• Category
  • >Deep Learning

Music Composition Using Deep Learning

  • Bhumika Dutta
  • Nov 01, 2021
Music Composition Using Deep Learning title banner



Music is something that everyone in the world appreciates and listens to. It provides an environment in which individuals may connect based on cultural similarities or similar tastes. 


Another such sector that has extended its branches all across the world is technology. When technology and music come together, it produces a condition that benefits both parties indefinitely. 


On the one hand, technology gives artists new sounds, interfaces to engage with their compositions, and new techniques of creating. 


On the other hand, the music produced by these new technologies motivates the human intellect to develop new tools to engage with these new creations.


Deep learning for music generation is primarily concerned with music analysis, discovery, and recommendation. The major difficulties in emphasis are digital audio signals, processing, and modeling of an effective machine learning system. 

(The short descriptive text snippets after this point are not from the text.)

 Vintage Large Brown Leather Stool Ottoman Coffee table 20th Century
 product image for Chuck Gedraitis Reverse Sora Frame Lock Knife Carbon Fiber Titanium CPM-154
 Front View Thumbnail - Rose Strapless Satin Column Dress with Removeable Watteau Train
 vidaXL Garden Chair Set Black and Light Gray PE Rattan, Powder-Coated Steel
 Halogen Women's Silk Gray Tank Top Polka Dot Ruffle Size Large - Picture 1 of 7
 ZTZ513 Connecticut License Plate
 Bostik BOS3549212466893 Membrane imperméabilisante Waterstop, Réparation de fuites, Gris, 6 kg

Many research attempts have been made in the literature that can lead to music analysis. Among these initiatives is the identification of musical properties such as styles, instruments, and genres. 

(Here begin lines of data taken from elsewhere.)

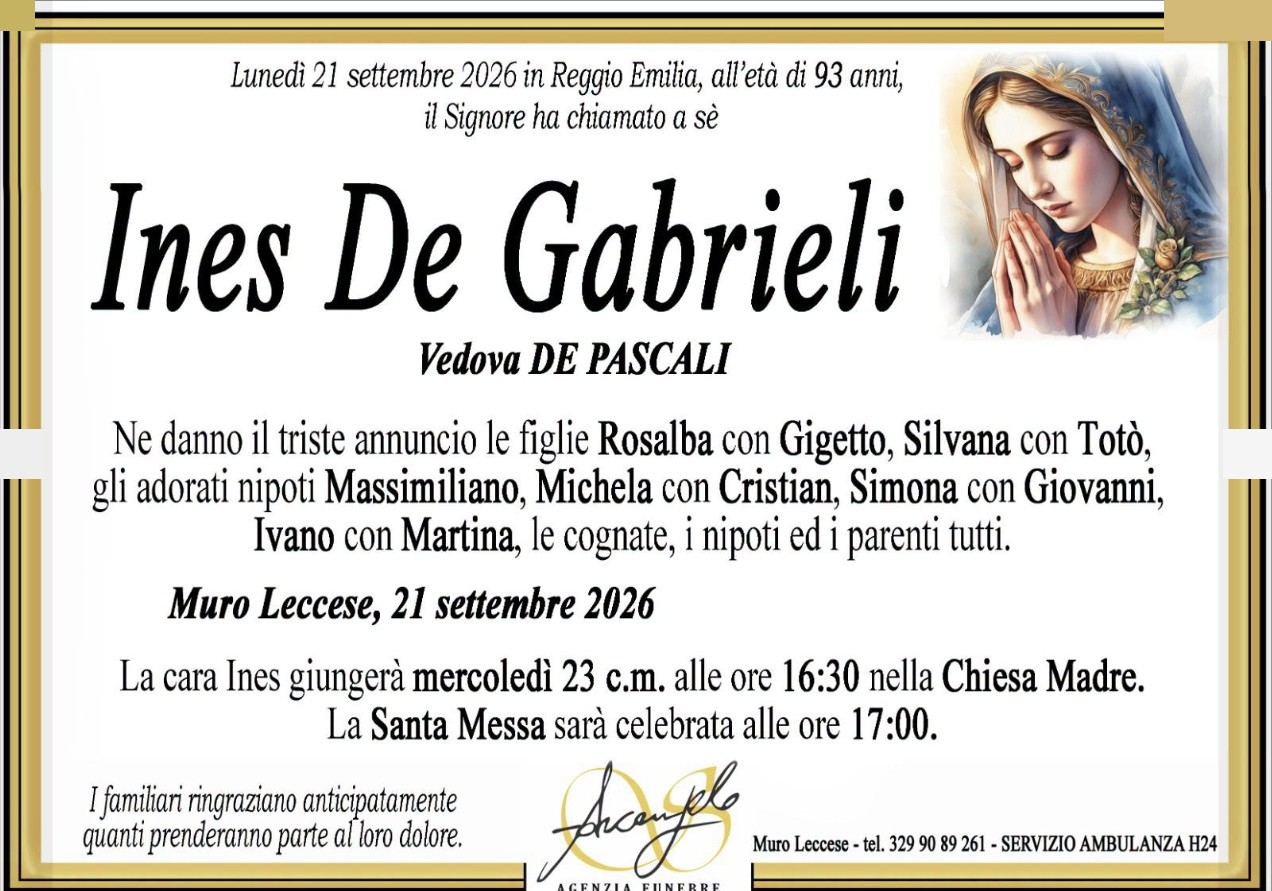 Necrologio di Ines De Gabrieli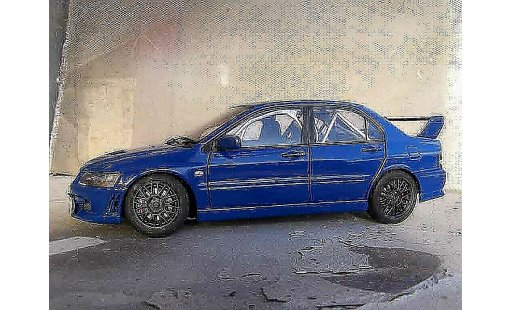 Mitsubishi Lancer Evolution VII 1/18 Autoart jdm azul coche miniatura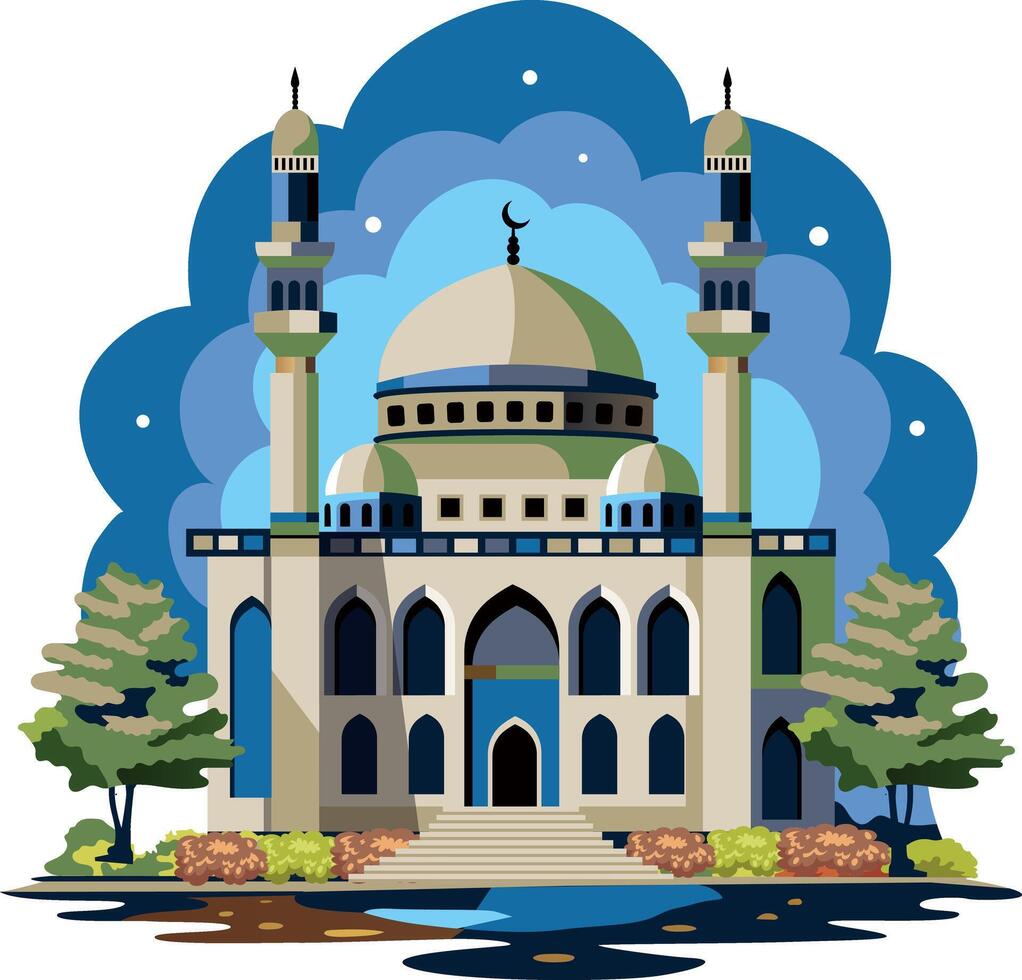 Sultan ahmed mosque, flat style illustration vector
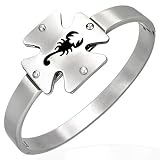 New Stainless Steel Hinged Bangle With Cross Scorpion Design, Length 21cms.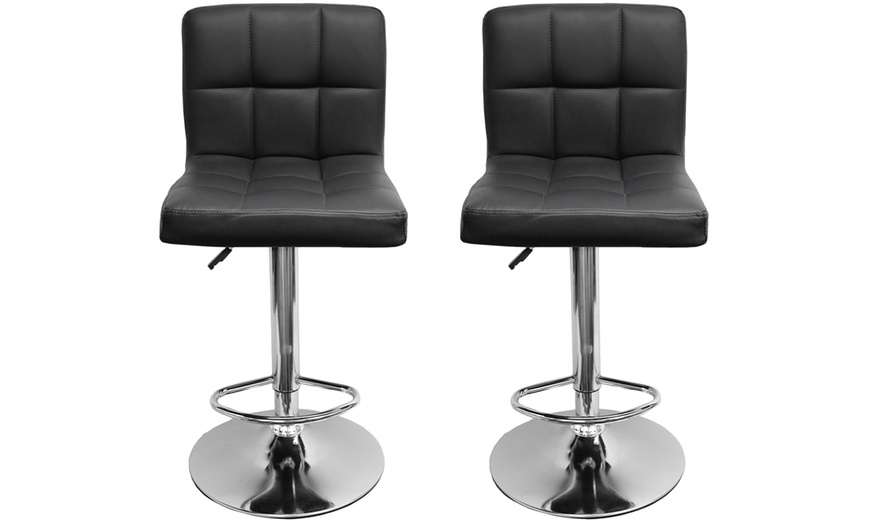 Image 4: Set of Two Swivel Adjustable Bar Stools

The algorithm in a prediction or analysis system determines the music features to be used. In this article, we are going to understand how deep learning is used for Music generation.

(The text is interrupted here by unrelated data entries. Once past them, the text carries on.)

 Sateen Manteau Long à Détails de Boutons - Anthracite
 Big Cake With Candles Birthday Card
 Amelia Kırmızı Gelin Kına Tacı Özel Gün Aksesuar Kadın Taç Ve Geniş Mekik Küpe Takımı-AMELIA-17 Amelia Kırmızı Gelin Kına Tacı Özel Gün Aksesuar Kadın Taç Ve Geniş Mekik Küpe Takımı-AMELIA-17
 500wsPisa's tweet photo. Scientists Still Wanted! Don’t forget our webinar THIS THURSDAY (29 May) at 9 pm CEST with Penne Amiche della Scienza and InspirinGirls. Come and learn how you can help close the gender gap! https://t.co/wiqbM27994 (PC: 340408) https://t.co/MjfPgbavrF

(Related read: Top 10 Deep Learning Algorithms)


Elements of Music:


Music is composed of Notes and Chords, and have three constituent elements:


  • Notes: A note is a sound generated by a single key.

  • Chords: A chord is the sound created when two or more keys are played at the same time. Most chords have at least three key tones in them.

  • Octave: An octave is a pattern that repeats itself. Each octave has seven white and five black keys.


Understanding Automatic Music Generation:


Automatic Music Generation is a method for creating a brief piece of music with minimal human input. Mozart devised it in 1787 when he presented a Dice Game for generating random sound selections and personally produced roughly 272 tones. 


Musical Grammar encompasses the information required for the right arrangement and combining of musical sounds, as well as the proper performance of musical works; it was also used to create music.


Iannis Xenakis employed the notions of statistics and probability to produce music in the early 1950s, which became known as Stochastic Music. He described music as an accidental succession of components. As a result, he used stochastic theory to formulate it. His random element selection was entirely based on mathematical notions.


Deep Learning architectures have recently become the standard for Automatic Music Generation. We'll mainly talk about deep learning architectures that can aid with music production.


Studying Deep Learning Architectures for Music Composition:


We went through a very detailed article written by towards data science on deep learning architectures. When we are talking about deep learning models that deal with music composition and texture, the most common of the lot is WaveNet. 


Wavenet is a generative waveform architecture developed by DeepMind, a London-based artificial intelligence firm, in 2016. It operates primarily through convolutional neural networks. 


WaveNet's major goal was to synthesize each audio sample using convolutional filters that work on the waveform domain directly. As a result, it's called a Generative Model. Wavenet is similar to an NLP language model. 


It was mostly used for speech synthesis and text-to-speech tasks. This is why the vast majority of open-source implementations rely on training on the VCTK Dataset or something similar, which is a collection of recordings of English speakers.


(Recommended read: Music Genre Classification Using Machine Learning)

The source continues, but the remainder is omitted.